It’s perfect weather for a good swing. And the next edition of the Hero Indian Open golf, starting Thursday, promises to be a battle of the titans.
In its 53rd year, the national event has a solid Indian field that is not just in form but has been displaying a winning streak this past season. The tournament, which began in 1964, has become India’s most prestigious event, turning the global spotlight on golf. It’s an opportunity for domestic talent to shine.
The prize purse has been enhanced from $300,000 (around Rs2 crore now) in 2005 to $1.75 million, almost six times more.
Defending champion S.S.P. Chawrasia and 2015 winner Anirban Lahiri, both of whom will be playing in the tournament, are not only India’s favourite golfers but also dear friends. The contest will be watched closely because the tournament has moved to a brand new (and treacherous) golf course. Traditionally, the tournament has been played at the Delhi Golf Club; this year it will be held at the DLF Golf and Country Club in Gurugram.
Chawrasia, 38, is a five-time Asian Tour winner and seems untroubled by the fact that he will be teeing up at a different venue for this year’s defence. For the Gary Player-designed DLF course, with its parkland look, has forced golfers to think of creative strategies.
“This time, it’s going to be a different course and it may have a different feel. However, I’m still excited and looking forward to defending my title,” says Chawrasia.
“I’ve played at DLF previously but it’s now a totally different layout. It’s going to be new for everyone and I’m sure the set-up will be good. I’ve heard it’s a tricky course.”
Lahiri, 29, believes this will ensure a more level playing field. “I would say it would not be as India-dominated now compared to if the event was held at the Delhi Golf Club (DGC), which is a narrow course flanked by forest areas and short distances to the greens. DLF is more parkland and more like the European-style courses.”
Could that mean a more diverse leaderboard? “It’s going to be more open, not as demanding off the tee as with the DGC. You might not see a leaderboard littered with Indian names,” says Lahiri.
India’s Arjun Atwal has memories that he would want to relive with the 2017 Hero Indian Open.

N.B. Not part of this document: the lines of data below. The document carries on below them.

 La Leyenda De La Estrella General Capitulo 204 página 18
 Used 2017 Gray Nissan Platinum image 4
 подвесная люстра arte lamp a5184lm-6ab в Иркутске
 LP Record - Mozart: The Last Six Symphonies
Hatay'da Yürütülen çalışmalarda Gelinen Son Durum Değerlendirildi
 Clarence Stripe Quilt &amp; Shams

For it’s the tournament which propelled him to stardom nearly 20 years ago, when he claimed his maiden Asian Tour victory in 1999.

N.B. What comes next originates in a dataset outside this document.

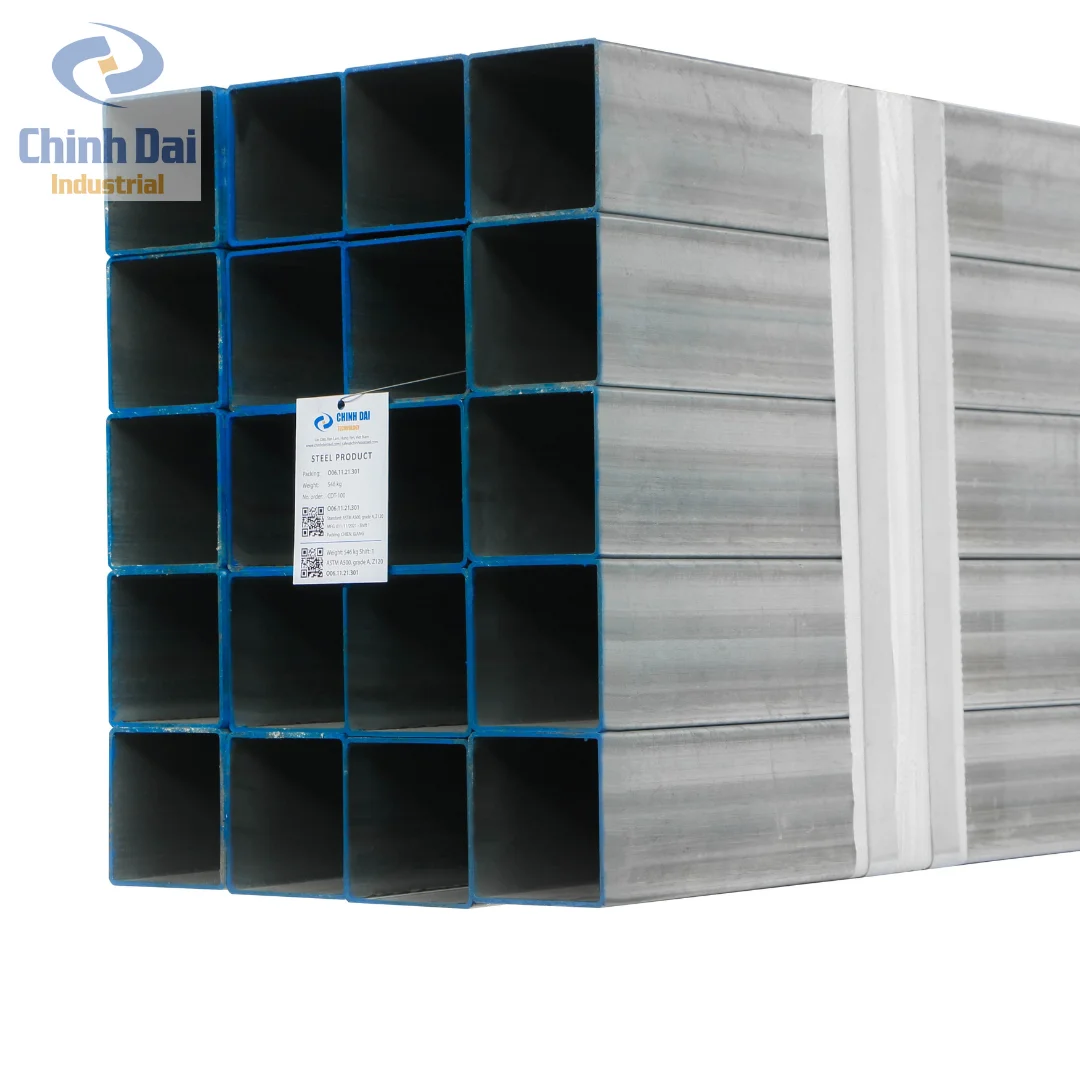 Высокого качества с фокусным расстоянием 25 мм перфорированная металлическая труба квадратная-прямоугольный Круглая стальная труба для строительства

In 2003, Atwal became Asia’s No.1 player and was the first golfer to break the $1 million barrier in career earnings on the Asian Tour. He also became the first Indian golfer to win on the PGA Tour.
“It’s fun as you get to play in front of family and friends. I’ve won at the old course at DLF a long time ago and it’s a brand new course now. It’s going to be a challenging test as the greens are undulating,” says Atwal.

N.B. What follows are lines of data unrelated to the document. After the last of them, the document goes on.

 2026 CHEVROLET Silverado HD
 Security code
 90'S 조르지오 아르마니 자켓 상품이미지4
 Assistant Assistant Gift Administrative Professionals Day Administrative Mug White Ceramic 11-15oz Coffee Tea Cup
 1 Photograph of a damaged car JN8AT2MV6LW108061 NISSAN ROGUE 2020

Four of the youngsters in the field, aged 20-24, have been champions of the Professional Golf Tour of India (PGTI) tour (India’s own tour for professional golfers) and are now looking for their breakthrough at what’s a co-sanctioned event by the Asian and European Tours.
S. Chikkarangappa, 23, has two Asian Development Tour titles. Shubhankar Sharma, 20, held the spotlight for some time at the recently concluded Malaysia Maybank Open. Khalin Joshi, 24, has more than a couple of wins on the domestic tour while Honey Baisoya, 20, is gearing up for a maiden appearance.
Chikkarangappa has been consistent on the Indian Tour, having finished in the top 6 of the PGTI Order of Merit in each of the four years since he turned pro in 2013. He won it in 2015 and came second in both 2013 and 2014. He has been dividing his time between the Indian and Asian Tours to keep his Asian Tour card. He has five Asian Tour top-10 finishes besides two Asian Development Tour wins, both in Bengaluru, where he comes from.
Shaili Chopra is the founder of Golfingindian.com and India Golf Awards.